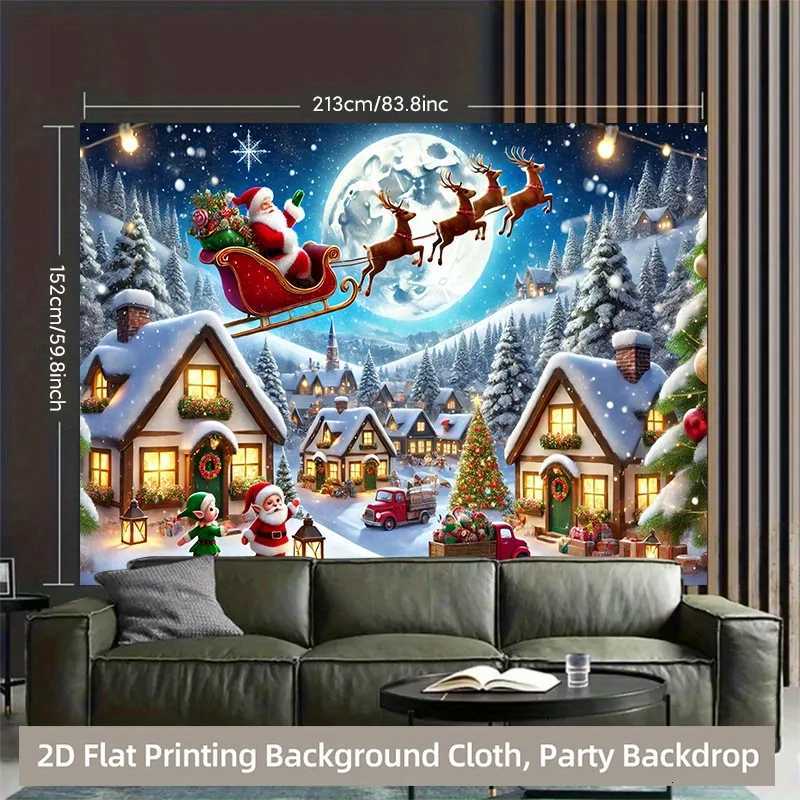 Winter Wonderland Christmas Tapestry Santa Sleigh with Rudolph and Elves Snow Scene Wall Art for Indoor Outdoor Party DecorM251125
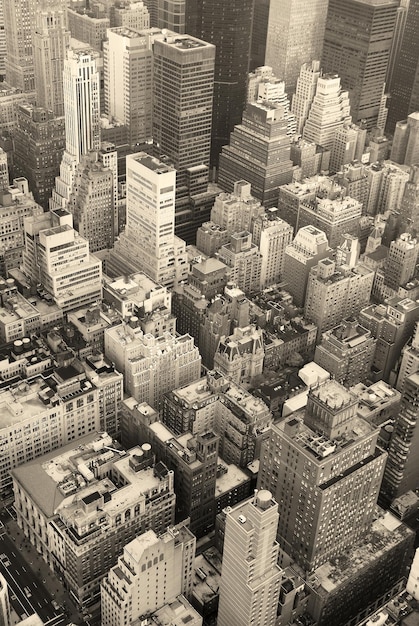 Free Photo new york city manhattan skyline aerial view black and white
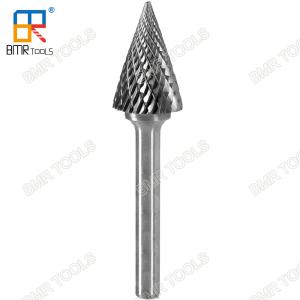 BMR TOOLS Carbide Burrs Type M Cone Bur with 6mm shank working on metal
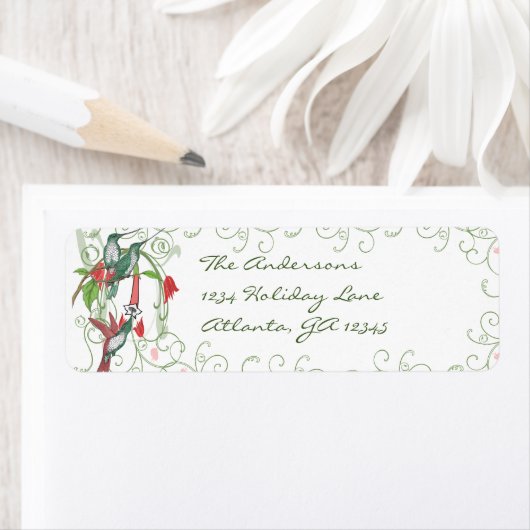 ヴィンテージハミンバードスワールクリスマス差出人住所 ラベル (インサイチュ)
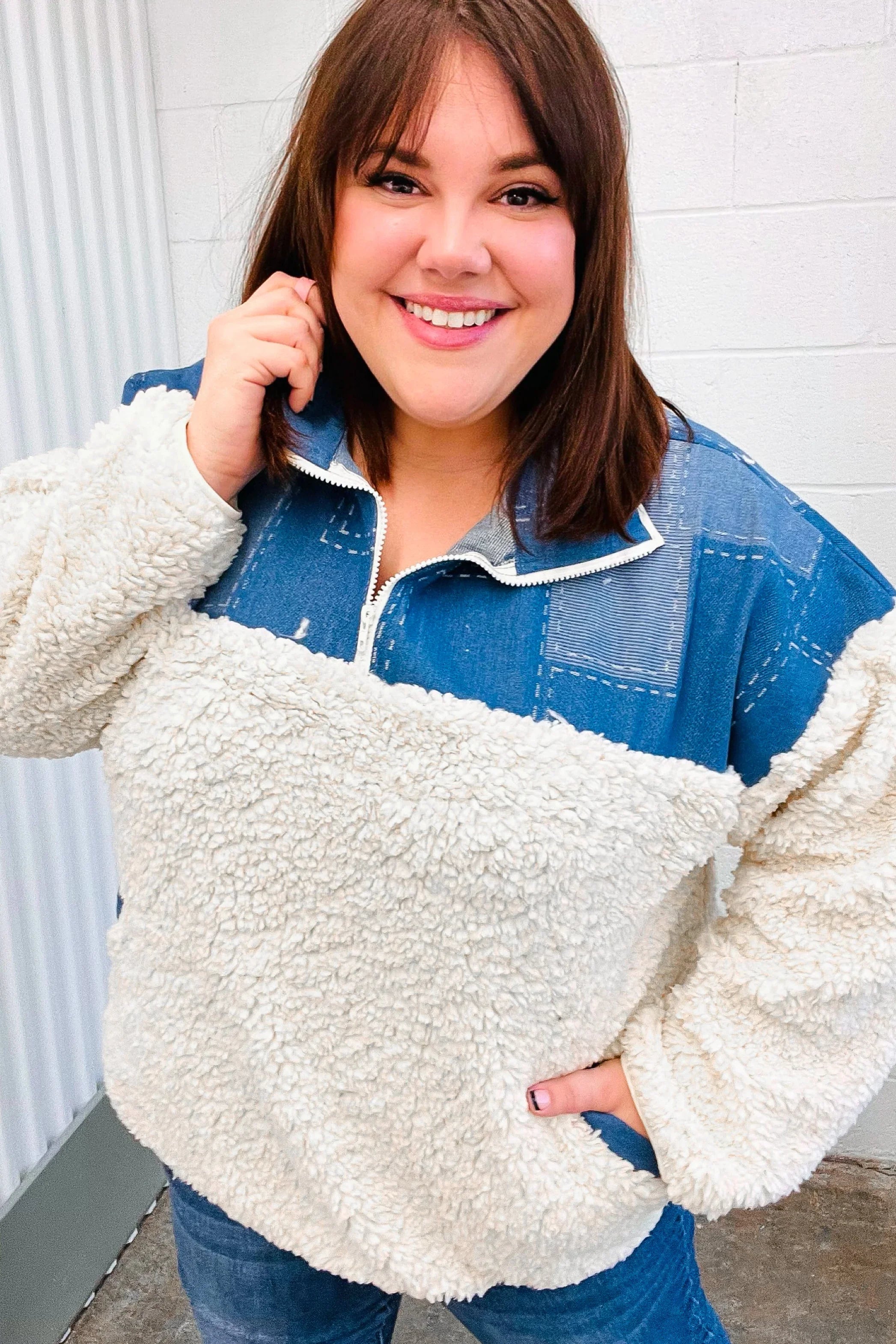 Good Vibes Denim & Ivory Patchwork Sherpa Half Zip Pullover | 2024 Blow-Out Sale Daverri Fashions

# # #

• [EXERCISE BRIEF] The copy you give must run from the line containing "BMR TOOLS Carbide" through the last line of the records, exactly, with the pictures left out.

• [EXERCISE RESULT]
 BMR TOOLS Carbide Burrs Type M Cone Bur with 6mm shank working on metal
 ヴィンテージハミンバードスワールクリスマス差出人住所 ラベル (インサイチュ)
 Good Vibes Denim & Ivory Patchwork Sherpa Half Zip Pullover | 2024 Blow-Out Sale Daverri Fashions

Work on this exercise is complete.